I've been told Zin has a problem with uneven ripening. So some berries shrivel into raisins while others barely ripen. But definitely the biggest issue is the winemakers. They want big fruit and high extract. I guess they're doing it well if they avoid the raisin effect. I don't think they can dodge the high alcohol regardless of style, but they can definitely reduce extraction and direct the winemaking towards complexity over raw fruit. If they want.

You know, I avoid Primitivo because I mentally associate it with Zin. And the one I had, A Mano, was a ridiculous caricature of the bad Zin profile oozing with syrupy raisin extract. I should give some real Primitivo a try, though, and get some Plavac Mali while I'm at it.

Joshiemac said...

Dashe's Les E'nfant Terrible is an interesting expression of California Zin. I think it comes from Mcfadden Vineyard which is in the Potter Valley area of Mendocino County. So it's about as cold weather as Zin gets in this state or any other.

Joshiemac said...

I had a lot of fragolino when I lived in Bologna about 15 years ago. I was told that it was illegal and it was always in unlabeled bottles like the one you had. I seem to remember that it was illegal because sugar was added? Perhaps my memory is spotty due to all the fragolino and lambrusco I was drinking.

I do remember loving it. Doesn't the name mean little strawberry?

Jeff said...

Thanks for the tip on the Dashe. Maybe I'll check that out if I see it.

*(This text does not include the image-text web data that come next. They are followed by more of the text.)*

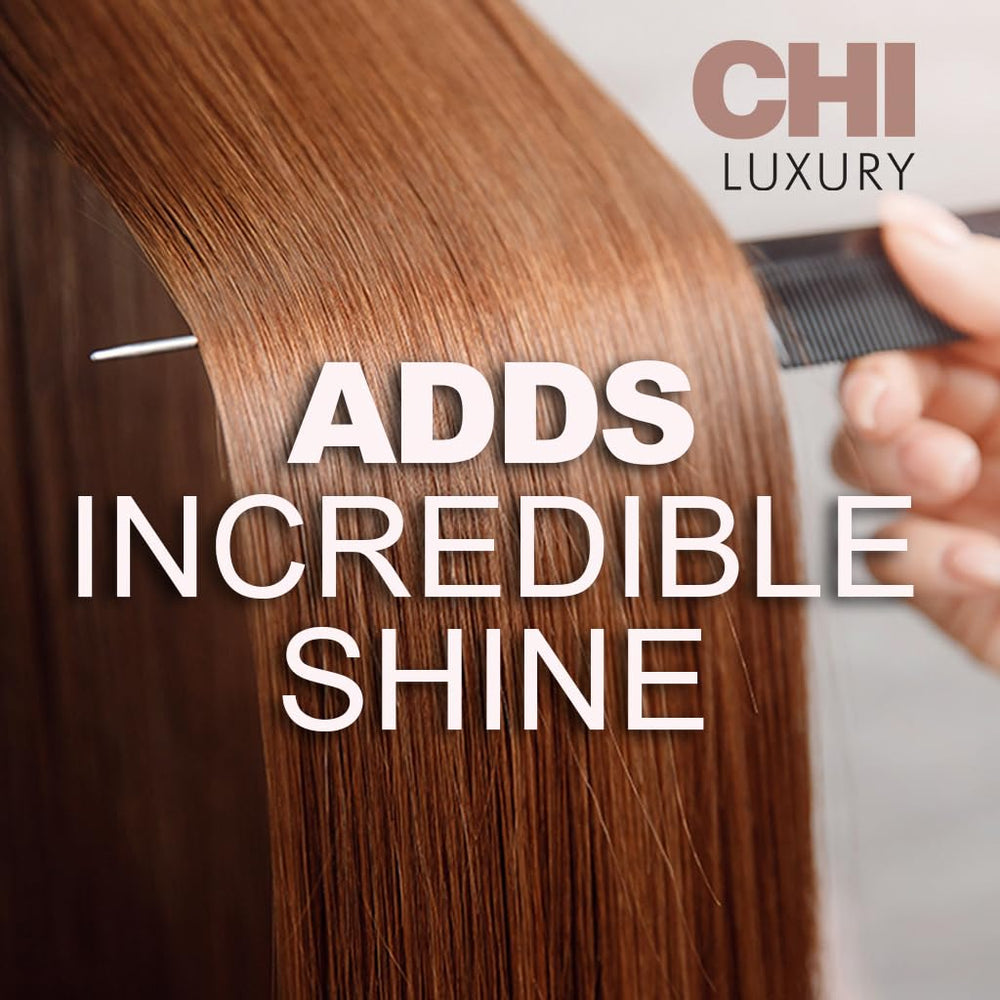 CHI Luxury Black Seed Oil Leave-In bottle is travel-friendly for on-the-go care.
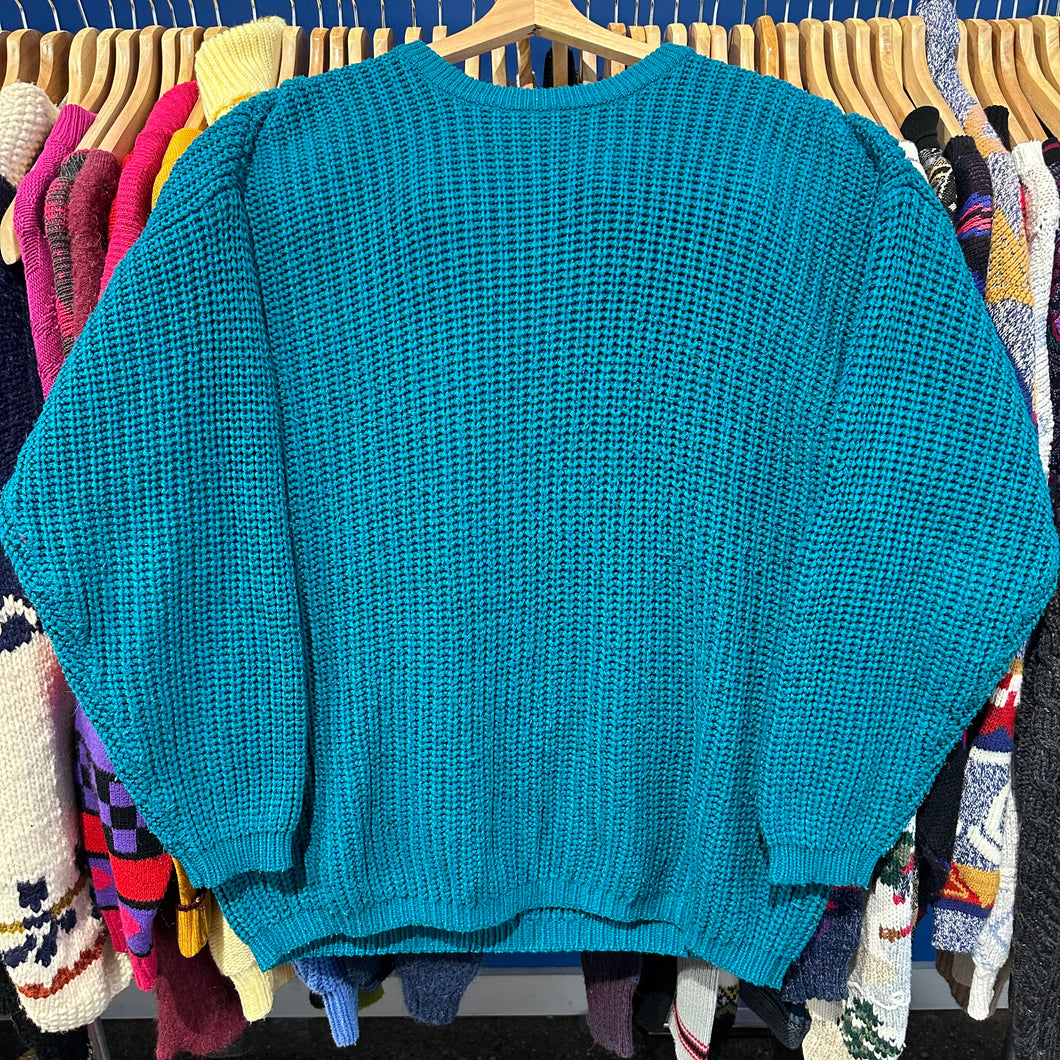 Cambridge & Adam’s Turquoise Chunky Sweater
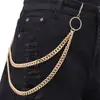 Joyas de Venta Caliente Moda Tendencia Cadena de Metal de Doble Capa para Pantalones Versátil Simple Accesorio para Ropa de Mezclilla Cadena para Pantalones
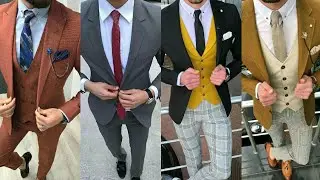 Latest 3 piece suits Designs for Men's||Stylish Designs 2019-20 ZH Fashion
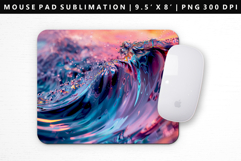 Abstract Mouse Pad Design | Mouse Pad Sublimation PNG Product Image 1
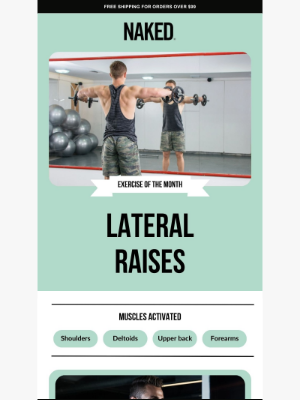 Naked Nutrition - 🏋️‍♂️ Exercise of the Month - 💪 Lateral Raise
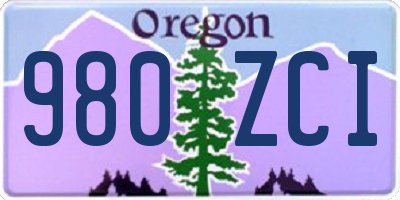 OR license plate 980ZCI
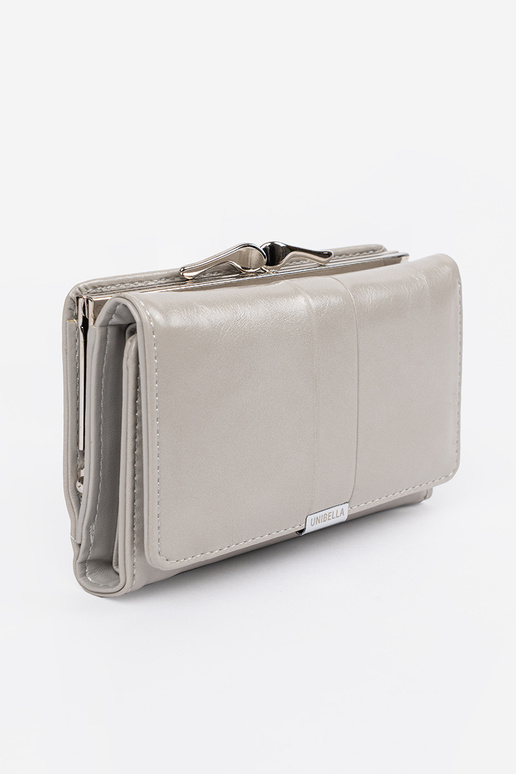 Portefeuille gris pour femme en...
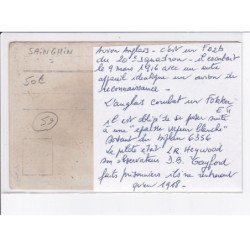 SAINGHIN: abgeschossenes eagl. flugzeug, aviation, avion - très bon état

That's super cool you lived in Bologna. That's one place in Italy that I've never been, but I would love to go hang out there for a couple of weeks. Anyways, yeah, I think you're right that it means little strawberry in Italian. And it's super cool that you've had fragolino before. It's funny, because I had no idea it was "illegal," and spent a lot of time speculating about the weirdness of an unlabeled bottle. I figured that it was just some crazy farmer or something...and that's probably right. Anyways, I guess from research, it's not illegal because they add sugar, but rather because it's a different kind of grape vine--American--that's immune to phylloxera. And they don't want phylloxera in Europe even though most of the vines and rootstock are immune to it now. Anyways, the article at the end is an interesting read if you're into that kind of thing. I wonder if the wine is a different grape--Clinton or Concord--just because I didn't get any strawberry out of this grape at all. Floral and lavender, but I suppose that's pretty close to grapey, in a way. Anyways, I haven't been this excited about a wine for a long time. Maybe I'm getting jaded. I wish that I could get more of this. It's really good, and because I can't have it anymore, it's going to fuck up my perceptions of other wines.